Collaborative Research: RESEARCH-PGR: Genetic and environmentally-induced functional variation in the rice RNA structurome

Researcher(s)

Sponsoring Agency
National Science Foundation

Summary

Ribonucleic acids (RNA) are essential molecules in living organisms, including in plants. RNA can serve roles as both an informational molecule (genetic code) and a functional molecule (perform and regulate chemical reactions). RNA can fold into complex shapes that can control whether it stays intact or is degraded. This in turn can control how a plant responds to environmental stresses it faces such as heat and cold. The research involves the development of new experimental technologies to investigate RNA structures one molecule at a time and new computational technologies of artificial intelligence wherein a computer learns patterns that can predict RNA structure and its variation. Rice is an important world-wide crop, and the research applies these technologies to rice varieties that are grown in different parts of the world. There are thousands of different varieties of rice adapted to local environments and their RNAs often differ from each other by relatively few changes. Some of these changes will alter the shape of the RNA and thus the response of that rice variety to stress. A major goal of these studies is to identify those changes that alter RNA shape and thereby affect temperature tolerance. Once identified, these shape-shifters could be engineered into specific rice varieties to breed crops more resistant to stress. Aspects of the research will involve high school students and their teachers, and research results and methods will be disseminated in public outreach activities.

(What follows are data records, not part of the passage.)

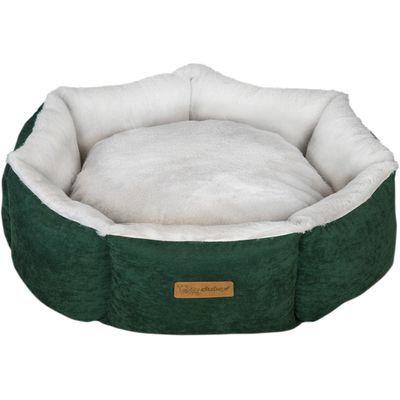 Dubex Ležaj Cupcake Zeleni/Bijeli M
Ležaj za kućne ljubimce. Cupcake krevet idealan je udoban prostor u kojem se vaš pas ili mačka mogu odmarati bez stresa. 
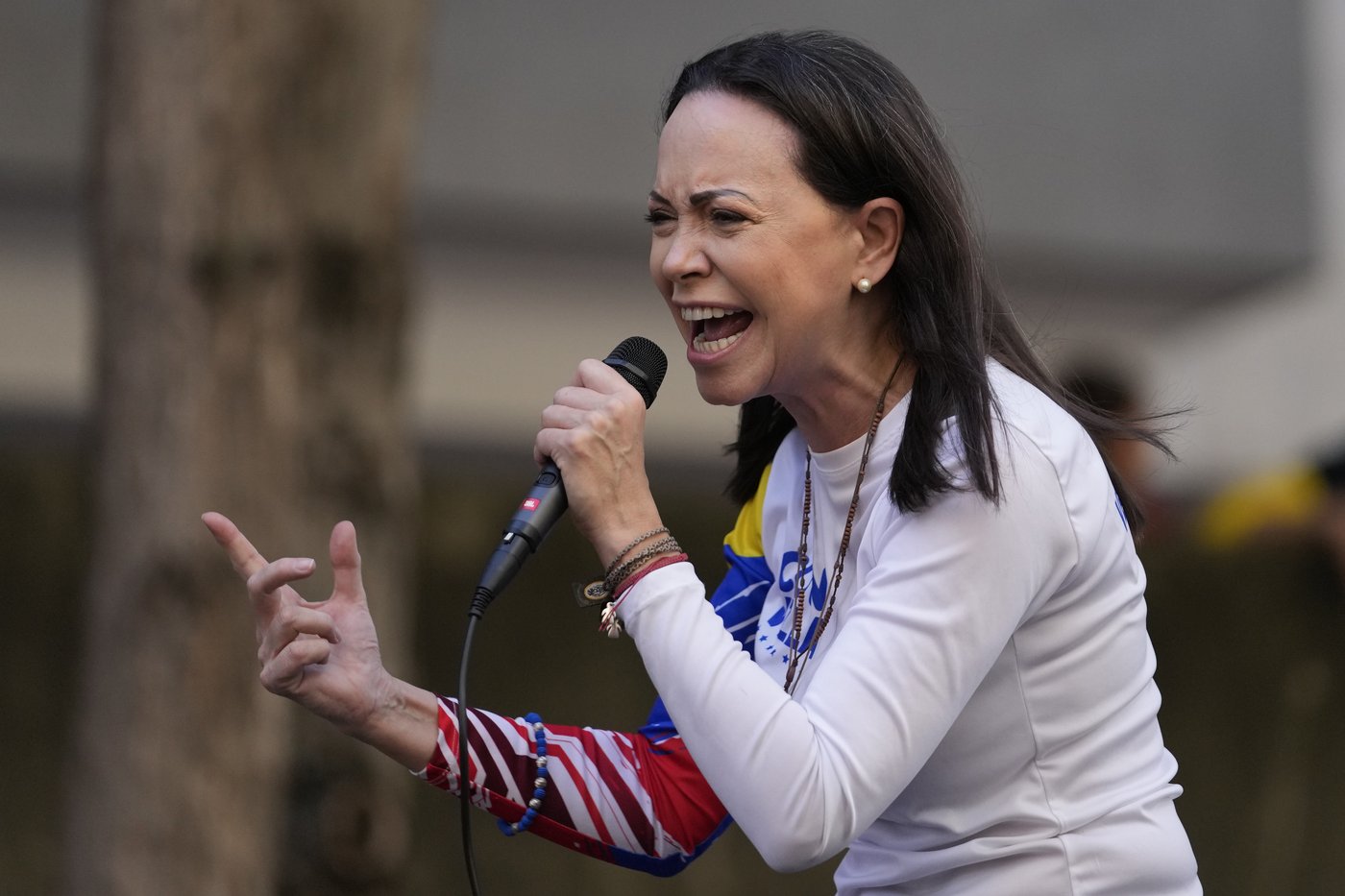 Venezuela's opposition leader defies Maduro to lead protests that end in confusing arrest claims | iNFOnews.ca Venezuela's opposition leader defies Maduro to lead protests that end in confusing arrest claims | iNFOnews.ca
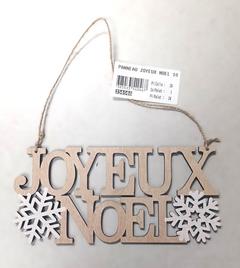 PANNEAU JOYEUX NOEL 10X22CM NA PANNEAU JOYEUX NOEL 10X22CM NA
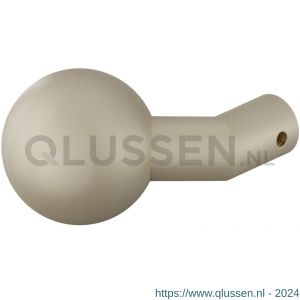 GPF Bouwbeslag Anastasius 9953.A4 S1 verkropte kogelknop 55 mm draaibaar met krukstift Champagne blend GPF9953A40200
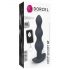 Dorcel Deep Secret M - vibrador anal recargable inalámbrico (negro)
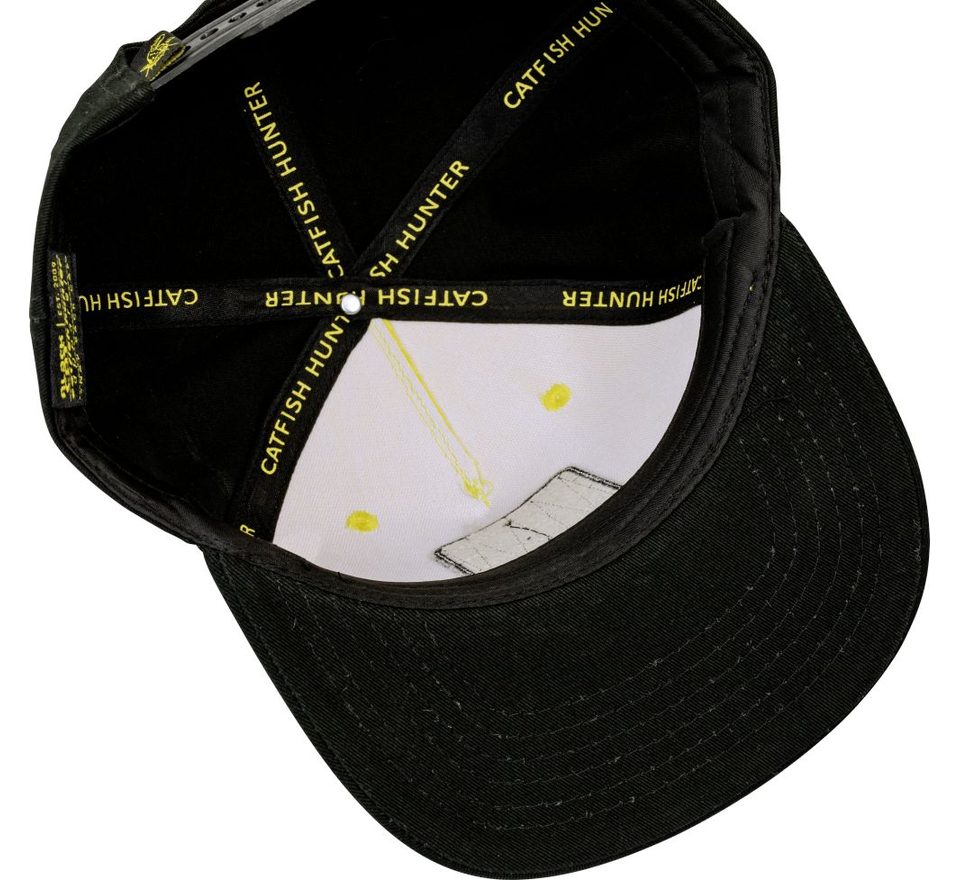 Black Cat Kšiltovka Catfish Hunter Snapback I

RNA structure is a primary determinant of gene expression. Individual copies of the same transcript can take on different structures as influenced by their microenvironment, but methods have been lacking to categorize this diversity. Single nucleotide polymorphisms (SNPs) also can affect RNA structure as “riboSNitches”; however, riboSNitches have not been studied in plants, and their conditionality on environmental conditions has not been assessed. Using rice (Oryza sativa) as the primary model system, the proposed research will develop new wet bench and computational approaches that will allow categorization of the mRNA “pan-structurome,” its consequent impacts on gene expression, and its functional association with respect to local climate conditions in rice landraces. Training will be provided to postdoctoral fellows, graduate students, undergraduates, and high school students and teachers. Broader Impacts will include development of the Oryza CLIMtools webtool to relate rice genotypes with climate variables and to identify beneficial structural haplotypes for use in development of elite rice cultivars. Impact will be broadened through technology including enhanced browser-based RNA structure-reactivity visualization and publicly available instructional screencasts. Collaborations with PUI Swarthmore College will engage undergraduate researchers in computational aspects of the project. Local high school students will perform whole plant physiological experiments, engaging a future generation of biologists and chemists. Finally, the 23rd Penn State Plant Biology Symposium, on RNA biology, will be organized, which will promote the global field of post-transcriptional gene regulation.

This award was co-funded by the Plant Genome Research Program in the Division of Integrative Organismal Systems and the Genetic Mechanisms Cluster in the Division of Molecular and Cellular Biosciences.

This award reflects NSF's statutory mission and has been deemed worthy of support through evaluation using the Foundation's intellectual merit and broader impacts review criteria.